TORONTO (19 August 2011) - Recent turmoil in the stock markets severely shook Canadians and prompted a significant drop in the Canadian Consumer Confidence Index published monthly by TNS Canada, a private market and social research based here. After a slight drop in July, the index fell two full points in August, from 99.7 to 97.6, wiping out whatever optimism Canadians showed in the economy during the period leading up to the federal election in May.

"Canadians have clearly been spooked by last week's ups and downs in the stock market." TNS vice president Norman Baillie-David said in a statement. "Even in the summer months, when you don't think people are paying much attention to the news or stock markets, these gyrations (in the markets) are having a significant impact on Canadians' view of the economy, as well as their own prospects."

Some 1,015 nationally representative Canadian adults were interviewed by telephone for this month's survey between August 8 and 12. For a survey sample this size, the margin of error is plus or minus 3.1%, 19 times out of 20.

The Present Situation Index, which measures how people feel about the economy right now, dropped a full point - from 100.3 to 99.0. TNS suggests this shows the fear being seen in the markets isn't being felt by Canadians at large right now.

However, their apprehension is being seen in the Expectations Index, which measures people's outlook for the economy six months from now.

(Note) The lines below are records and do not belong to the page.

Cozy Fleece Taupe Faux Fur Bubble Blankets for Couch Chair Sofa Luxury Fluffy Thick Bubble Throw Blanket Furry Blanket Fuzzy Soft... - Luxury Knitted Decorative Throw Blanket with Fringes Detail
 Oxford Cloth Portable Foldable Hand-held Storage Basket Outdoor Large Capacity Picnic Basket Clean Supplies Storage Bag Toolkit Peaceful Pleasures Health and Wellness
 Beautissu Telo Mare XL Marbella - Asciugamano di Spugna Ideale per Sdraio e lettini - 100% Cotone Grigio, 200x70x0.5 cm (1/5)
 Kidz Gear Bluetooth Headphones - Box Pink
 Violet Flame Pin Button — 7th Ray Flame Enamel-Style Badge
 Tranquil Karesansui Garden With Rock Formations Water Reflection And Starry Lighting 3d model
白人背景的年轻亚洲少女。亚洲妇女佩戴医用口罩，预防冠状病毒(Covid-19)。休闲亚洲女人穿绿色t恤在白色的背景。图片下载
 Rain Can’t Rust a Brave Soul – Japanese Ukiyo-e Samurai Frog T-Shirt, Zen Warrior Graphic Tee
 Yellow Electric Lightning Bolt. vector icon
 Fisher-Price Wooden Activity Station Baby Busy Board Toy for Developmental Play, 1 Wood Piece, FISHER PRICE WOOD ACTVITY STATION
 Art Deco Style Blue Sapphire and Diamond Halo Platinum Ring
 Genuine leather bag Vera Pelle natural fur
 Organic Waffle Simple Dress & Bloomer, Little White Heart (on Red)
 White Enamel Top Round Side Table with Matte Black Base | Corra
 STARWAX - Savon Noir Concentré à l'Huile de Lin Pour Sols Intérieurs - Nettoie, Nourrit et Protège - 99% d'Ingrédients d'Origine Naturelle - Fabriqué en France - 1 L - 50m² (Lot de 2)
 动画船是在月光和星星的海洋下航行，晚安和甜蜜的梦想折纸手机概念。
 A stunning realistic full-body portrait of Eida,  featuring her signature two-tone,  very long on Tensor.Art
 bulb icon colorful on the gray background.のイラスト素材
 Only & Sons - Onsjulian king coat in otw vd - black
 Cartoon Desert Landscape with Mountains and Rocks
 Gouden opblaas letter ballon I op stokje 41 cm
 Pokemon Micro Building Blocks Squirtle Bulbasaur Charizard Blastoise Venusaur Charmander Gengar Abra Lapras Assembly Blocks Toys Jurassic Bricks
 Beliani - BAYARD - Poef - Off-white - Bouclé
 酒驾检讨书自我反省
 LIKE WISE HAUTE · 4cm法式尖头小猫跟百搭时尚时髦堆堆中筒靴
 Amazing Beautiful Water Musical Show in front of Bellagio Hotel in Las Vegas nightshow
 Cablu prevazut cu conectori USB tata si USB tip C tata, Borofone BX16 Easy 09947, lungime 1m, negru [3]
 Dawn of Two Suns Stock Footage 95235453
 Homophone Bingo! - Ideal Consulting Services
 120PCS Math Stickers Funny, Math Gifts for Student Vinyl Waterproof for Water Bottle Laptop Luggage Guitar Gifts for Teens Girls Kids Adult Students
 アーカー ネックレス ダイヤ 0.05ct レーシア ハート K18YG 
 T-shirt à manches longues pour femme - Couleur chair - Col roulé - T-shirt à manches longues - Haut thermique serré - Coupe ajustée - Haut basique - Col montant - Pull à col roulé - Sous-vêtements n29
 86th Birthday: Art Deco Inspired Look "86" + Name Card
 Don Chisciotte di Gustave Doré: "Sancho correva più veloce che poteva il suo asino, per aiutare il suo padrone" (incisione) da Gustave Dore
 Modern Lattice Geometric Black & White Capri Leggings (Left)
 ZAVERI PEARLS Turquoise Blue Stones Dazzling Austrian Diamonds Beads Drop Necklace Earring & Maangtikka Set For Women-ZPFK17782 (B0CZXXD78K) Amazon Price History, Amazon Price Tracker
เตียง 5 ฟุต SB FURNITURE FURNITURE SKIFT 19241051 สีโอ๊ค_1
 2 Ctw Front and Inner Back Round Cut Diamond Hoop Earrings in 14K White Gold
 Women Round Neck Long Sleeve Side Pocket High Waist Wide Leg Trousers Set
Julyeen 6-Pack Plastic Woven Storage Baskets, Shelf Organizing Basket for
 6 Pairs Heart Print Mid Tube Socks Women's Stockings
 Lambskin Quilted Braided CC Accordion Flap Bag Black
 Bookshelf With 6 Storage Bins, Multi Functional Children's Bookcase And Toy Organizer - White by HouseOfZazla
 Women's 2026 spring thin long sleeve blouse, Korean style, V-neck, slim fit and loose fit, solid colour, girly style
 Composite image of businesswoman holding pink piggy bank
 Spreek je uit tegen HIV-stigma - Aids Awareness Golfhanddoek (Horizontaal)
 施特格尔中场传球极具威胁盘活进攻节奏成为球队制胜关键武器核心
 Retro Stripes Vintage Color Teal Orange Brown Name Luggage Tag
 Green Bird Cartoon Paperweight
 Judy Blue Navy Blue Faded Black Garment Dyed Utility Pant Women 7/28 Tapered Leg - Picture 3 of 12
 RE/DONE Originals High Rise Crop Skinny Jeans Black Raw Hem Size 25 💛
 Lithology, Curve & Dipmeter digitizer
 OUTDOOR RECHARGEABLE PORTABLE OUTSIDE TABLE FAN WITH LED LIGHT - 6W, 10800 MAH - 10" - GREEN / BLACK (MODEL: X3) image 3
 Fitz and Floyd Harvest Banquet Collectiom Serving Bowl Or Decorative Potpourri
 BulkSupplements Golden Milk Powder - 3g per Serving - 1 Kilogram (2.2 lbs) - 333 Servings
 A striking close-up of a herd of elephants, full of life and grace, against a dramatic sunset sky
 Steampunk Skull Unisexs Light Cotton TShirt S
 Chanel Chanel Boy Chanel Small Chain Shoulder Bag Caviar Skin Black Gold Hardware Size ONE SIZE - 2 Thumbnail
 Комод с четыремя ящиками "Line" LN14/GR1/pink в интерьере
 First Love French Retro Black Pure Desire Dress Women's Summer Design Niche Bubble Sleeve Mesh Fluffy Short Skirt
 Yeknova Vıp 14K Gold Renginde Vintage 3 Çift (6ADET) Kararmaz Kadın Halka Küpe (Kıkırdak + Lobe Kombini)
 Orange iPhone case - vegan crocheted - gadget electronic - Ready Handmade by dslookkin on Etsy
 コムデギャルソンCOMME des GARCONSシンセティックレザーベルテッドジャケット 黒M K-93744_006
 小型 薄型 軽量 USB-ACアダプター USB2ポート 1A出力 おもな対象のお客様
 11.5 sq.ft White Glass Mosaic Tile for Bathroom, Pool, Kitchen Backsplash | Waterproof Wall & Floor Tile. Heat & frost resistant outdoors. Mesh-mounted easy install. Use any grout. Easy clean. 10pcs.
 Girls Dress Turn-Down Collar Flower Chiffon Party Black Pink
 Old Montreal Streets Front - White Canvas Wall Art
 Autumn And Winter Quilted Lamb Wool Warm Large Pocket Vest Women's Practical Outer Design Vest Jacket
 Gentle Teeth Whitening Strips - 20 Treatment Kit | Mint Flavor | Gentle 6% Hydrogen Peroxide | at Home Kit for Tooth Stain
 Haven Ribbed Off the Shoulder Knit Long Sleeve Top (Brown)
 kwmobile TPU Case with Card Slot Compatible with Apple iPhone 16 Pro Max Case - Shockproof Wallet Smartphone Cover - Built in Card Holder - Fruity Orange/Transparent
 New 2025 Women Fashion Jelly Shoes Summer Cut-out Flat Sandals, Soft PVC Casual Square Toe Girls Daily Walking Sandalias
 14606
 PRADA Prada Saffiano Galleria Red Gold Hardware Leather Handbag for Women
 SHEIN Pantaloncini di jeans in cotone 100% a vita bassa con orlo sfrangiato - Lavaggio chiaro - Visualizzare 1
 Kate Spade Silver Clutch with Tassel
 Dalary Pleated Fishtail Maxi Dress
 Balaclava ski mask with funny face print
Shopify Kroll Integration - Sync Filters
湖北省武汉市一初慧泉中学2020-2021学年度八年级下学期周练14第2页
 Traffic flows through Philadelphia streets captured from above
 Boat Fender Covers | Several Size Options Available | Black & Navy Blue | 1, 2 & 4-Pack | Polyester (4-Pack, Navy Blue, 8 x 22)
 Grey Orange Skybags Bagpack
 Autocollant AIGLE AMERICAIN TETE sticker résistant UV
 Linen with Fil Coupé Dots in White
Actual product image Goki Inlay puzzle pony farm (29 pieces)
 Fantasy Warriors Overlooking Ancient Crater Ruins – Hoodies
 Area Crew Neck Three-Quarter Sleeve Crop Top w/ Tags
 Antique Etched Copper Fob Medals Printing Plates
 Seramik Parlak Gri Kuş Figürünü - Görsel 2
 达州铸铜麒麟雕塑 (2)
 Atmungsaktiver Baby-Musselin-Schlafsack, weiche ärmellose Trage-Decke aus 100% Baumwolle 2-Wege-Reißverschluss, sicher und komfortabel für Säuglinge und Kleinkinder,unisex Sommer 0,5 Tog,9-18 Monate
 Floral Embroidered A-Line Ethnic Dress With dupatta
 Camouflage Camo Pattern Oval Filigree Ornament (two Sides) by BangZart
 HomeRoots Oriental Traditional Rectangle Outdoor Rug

This index plummeted almost six points - from 105.4 to 99.6 - reaching its lowest point since July 2009.

"All of a sudden, those market fluctuations we saw last week are having an important ripple effect. For the first time in a long time, the uncertainty in the markets is causing Canadians to feel their future prospects will be turning towards the worse. Unfortunately when it comes to consumer confidence, the fear is that pessimism often turns out to be a self-fulfilling prophecy" Baillie-David observed.

The Buy Index, measuring the extent to which Canadians believe now is a good item to purchase big ticket items such as a car or a major household appliance, moved slightly from 93.3 to 93.7, which TNS interpreted as no change in statistical terms.

"This is likely the combination of statistical margin of error, combined with a feeling among some Canadians that they may be better off making that purchase now, before they believe things actually get worse," Baillie-David said.